Re: [PATCH 1/2] sched/core: Allow newidle for core-sched

From: K Prateek Nayak

Date: Wed Jun 24 2026 - 19:56:26 EST


Hello Peter,

On 6/24/2026 5:43 PM, Peter Zijlstra wrote:
> --- a/kernel/sched/fair.c
> +++ b/kernel/sched/fair.c
> @@ -9942,9 +9942,6 @@ struct task_struct *pick_task_fair(struc
> return p;
>
> idle:
> - if (sched_core_enabled(rq))
> - return NULL;
> -
> new_tasks = sched_balance_newidle(rq, rf);

I have a sneaky feeling this might still race with a
sched_setaffinity() like:

CPU0 (CPU1 is its sibling) CPU2 (CPU1 is idle in the meanwhile)
========================== ====================================

rq0->core_pick = p;

/* Core pick on SMT - CPU1 */
pick_next_task(rq1) __sched_setaffinity(p)
pick_next_task_fair() __set_cpus_allowed_ptr() /* p cannot run on CPU0 anymore */
sched_balance_newidle() task_rq_lock(p, &rf)
raw_spin_rq_unlock() ...
... /* continues newidle */
/* Gets lock */
__set_cpus_allowed_ptr_locked()
dest_cpu = 1; /* SMT of CPU0 */
affine_move_task(rq0, p, 1 /* Move to CPU1 */)
/*
* p is not on_cpu
* p is TASK_ON_RQ_QUEUED
* p is not migration disabled
*/
move_queued_task(rq0, p, 1)
/* Moves task to CPU1 */
task_rq_unlock();

... /* Sees new task on CPU1 */
raw_spin_rq_lock(rq1);
pulled_task = 1;

/* Retry pick; Finds p on cPU1 */
return p;

rq1->core_pick = p; !!! Two CPUs have the same core pick. !!!
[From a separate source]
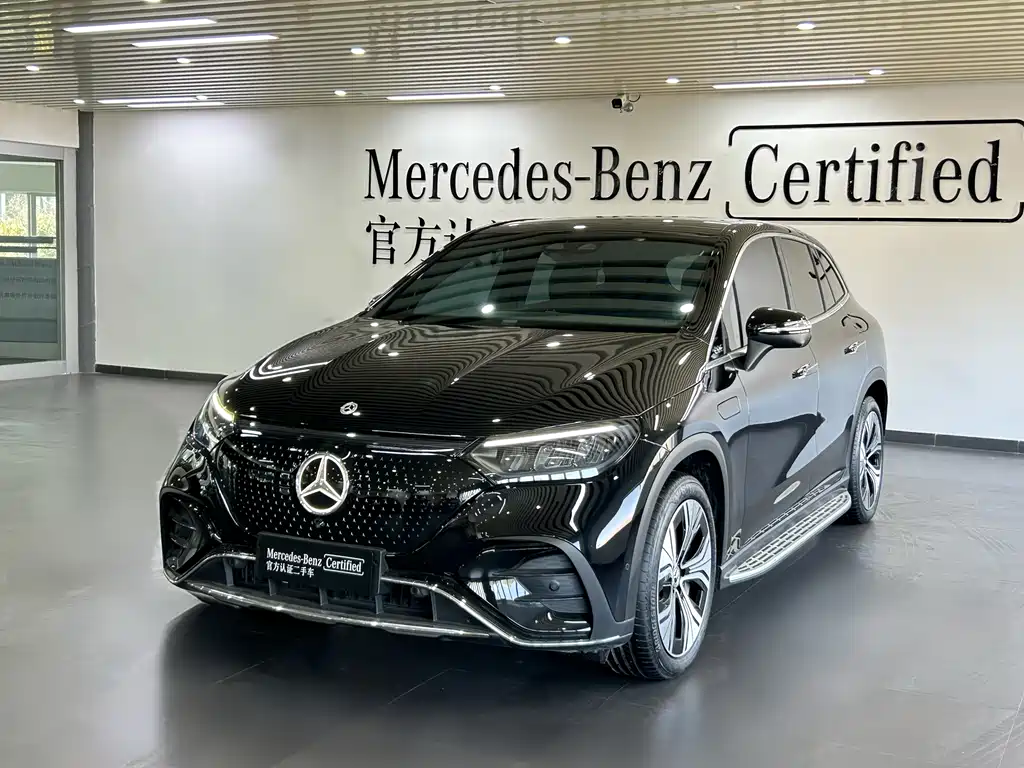 MERCEDES-BENZ EQE SUV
Do we have a guard against this that I might be missing?

Should we treat core_pick similar to task_on_cpu() and go down the
stopper route like:

diff --git a/kernel/sched/core.c b/kernel/sched/core.c
index 2f4530eb543f..e7f64f34aa4f 100644
--- a/kernel/sched/core.c
+++ b/kernel/sched/core.c
@@ -3049,7 +3049,9 @@ static int affine_move_task(struct rq *rq, struct task_struct *p, struct rq_flag
return -EINVAL;
}

- if (task_on_cpu(rq, p) || READ_ONCE(p->__state) == TASK_WAKING) {
+ if (task_on_cpu(rq, p) ||
+ task_on_core(rq, p) ||
+ READ_ONCE(p->__state) == TASK_WAKING) {
/*
* MIGRATE_ENABLE gets here because 'p == current', but for
* anything else we cannot do is_migration_disabled(), punt
---

... or we can return a RETRY_TASK when newidle balance succeeds too to
force a core-wide pick when core scheduling is enabled like:

diff --git a/kernel/sched/fair.c b/kernel/sched/fair.c
index 0d212bf04885..e393aed58bfa 100644
--- a/kernel/sched/fair.c
+++ b/kernel/sched/fair.c
@@ -9946,8 +9946,16 @@ struct task_struct *pick_task_fair(struct rq *rq, struct rq_flags *rf)
if (rq_modified_above(rq, &fair_sched_class))
return RETRY_TASK;

- if (cfs_rq->nr_queued)
+ if (cfs_rq->nr_queued) {
+ /*
+ * Force a core-wide pick if newidle
+ * balance managed to pull a task since
+ * the lock was dropped.
+ */
+ if (sched_core_enabled(rq))
+ return RETRY_TASK;
goto again;
+ }

return NULL;
}
---

Thoughts?

> if (new_tasks < 0)
> return RETRY_TASK;

--
Thanks and Regards,
Prateek